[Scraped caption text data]
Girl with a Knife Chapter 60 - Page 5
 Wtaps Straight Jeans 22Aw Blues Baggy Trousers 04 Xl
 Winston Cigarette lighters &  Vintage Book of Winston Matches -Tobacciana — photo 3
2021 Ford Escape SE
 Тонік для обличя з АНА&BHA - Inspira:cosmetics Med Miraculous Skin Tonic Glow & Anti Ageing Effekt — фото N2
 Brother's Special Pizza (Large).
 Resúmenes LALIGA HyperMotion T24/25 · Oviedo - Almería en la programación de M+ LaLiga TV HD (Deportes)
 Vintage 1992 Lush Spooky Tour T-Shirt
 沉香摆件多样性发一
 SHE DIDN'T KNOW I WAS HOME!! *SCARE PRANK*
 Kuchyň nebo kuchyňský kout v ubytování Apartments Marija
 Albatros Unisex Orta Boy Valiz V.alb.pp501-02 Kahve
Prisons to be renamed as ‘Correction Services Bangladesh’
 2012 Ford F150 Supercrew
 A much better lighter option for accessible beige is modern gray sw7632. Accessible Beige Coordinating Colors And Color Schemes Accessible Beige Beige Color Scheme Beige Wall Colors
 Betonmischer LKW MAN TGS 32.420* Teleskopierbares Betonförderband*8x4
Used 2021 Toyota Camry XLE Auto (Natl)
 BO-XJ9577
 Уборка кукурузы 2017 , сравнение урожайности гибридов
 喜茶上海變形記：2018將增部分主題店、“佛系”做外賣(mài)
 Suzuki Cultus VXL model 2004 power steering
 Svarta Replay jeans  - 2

**WHAT NEEDS TO BE DONE**
Write out the entries verbatim, all of them.

**WRITTEN SOLUTION**
Girl with a Knife Chapter 60 - Page 5
 Wtaps Straight Jeans 22Aw Blues Baggy Trousers 04 Xl
 Winston Cigarette lighters &  Vintage Book of Winston Matches -Tobacciana — photo 3
2021 Ford Escape SE
 Тонік для обличя з АНА&BHA - Inspira:cosmetics Med Miraculous Skin Tonic Glow & Anti Ageing Effekt — фото N2
 Brother's Special Pizza (Large).
 Resúmenes LALIGA HyperMotion T24/25 · Oviedo - Almería en la programación de M+ LaLiga TV HD (Deportes)
 Vintage 1992 Lush Spooky Tour T-Shirt
 沉香摆件多样性发一
 SHE DIDN'T KNOW I WAS HOME!! *SCARE PRANK*
 Kuchyň nebo kuchyňský kout v ubytování Apartments Marija
 Albatros Unisex Orta Boy Valiz V.alb.pp501-02 Kahve
Prisons to be renamed as ‘Correction Services Bangladesh’
 2012 Ford F150 Supercrew
 A much better lighter option for accessible beige is modern gray sw7632. Accessible Beige Coordinating Colors And Color Schemes Accessible Beige Beige Color Scheme Beige Wall Colors
 Betonmischer LKW MAN TGS 32.420* Teleskopierbares Betonförderband*8x4
Used 2021 Toyota Camry XLE Auto (Natl)
 BO-XJ9577
 Уборка кукурузы 2017 , сравнение урожайности гибридов
 喜茶上海變形記：2018將增部分主題店、“佛系”做外賣(mài)
 Suzuki Cultus VXL model 2004 power steering
 Svarta Replay jeans  - 2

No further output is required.